Captioned web image data:

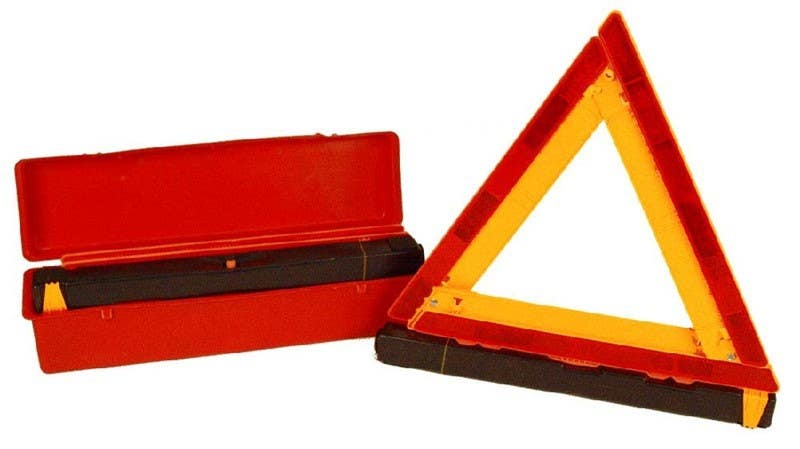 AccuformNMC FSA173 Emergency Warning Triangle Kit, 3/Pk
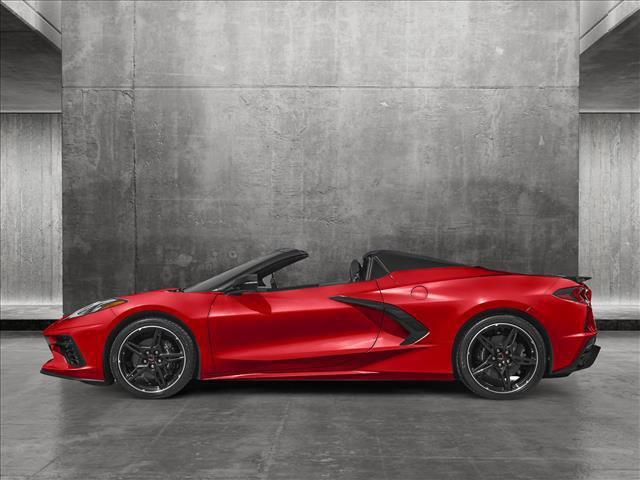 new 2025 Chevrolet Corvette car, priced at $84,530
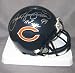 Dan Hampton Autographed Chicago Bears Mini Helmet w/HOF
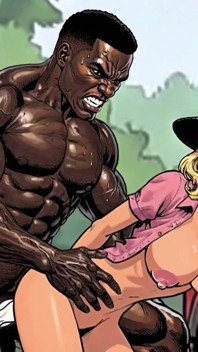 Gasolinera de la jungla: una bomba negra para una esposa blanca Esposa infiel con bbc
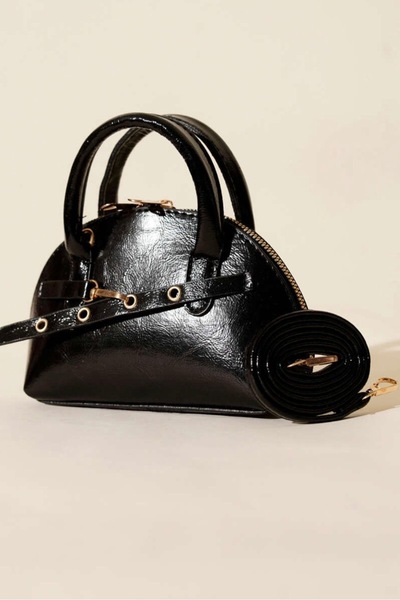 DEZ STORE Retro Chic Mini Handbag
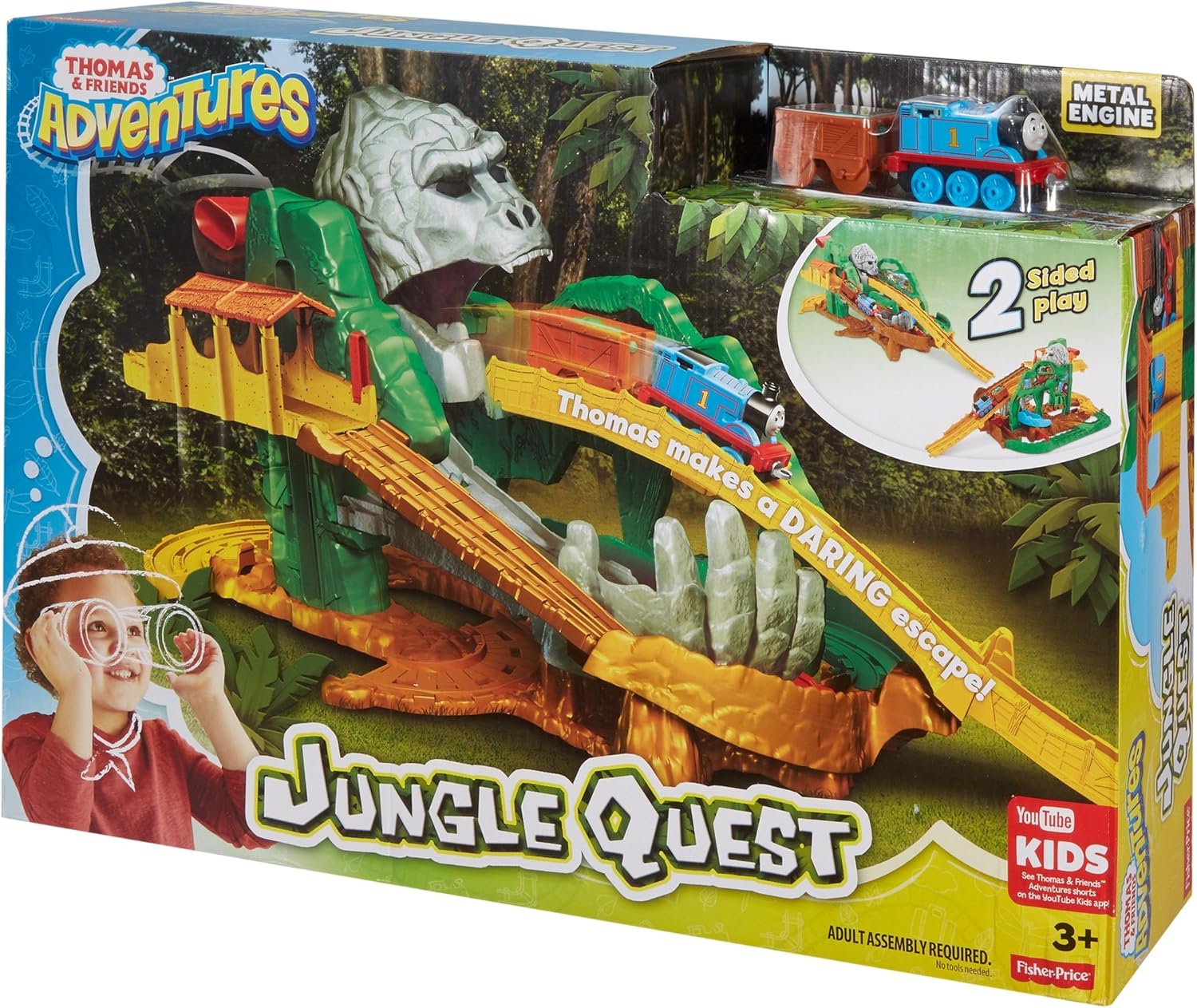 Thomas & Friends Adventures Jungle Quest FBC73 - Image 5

# Task description:
Print only the lines from the line that contains "DEZ STORE Retro Chic Mini Handbag" to the final line of the data, inclusive. Pictures stay out.

# Exercise output:
 DEZ STORE Retro Chic Mini Handbag
 Thomas & Friends Adventures Jungle Quest FBC73 - Image 5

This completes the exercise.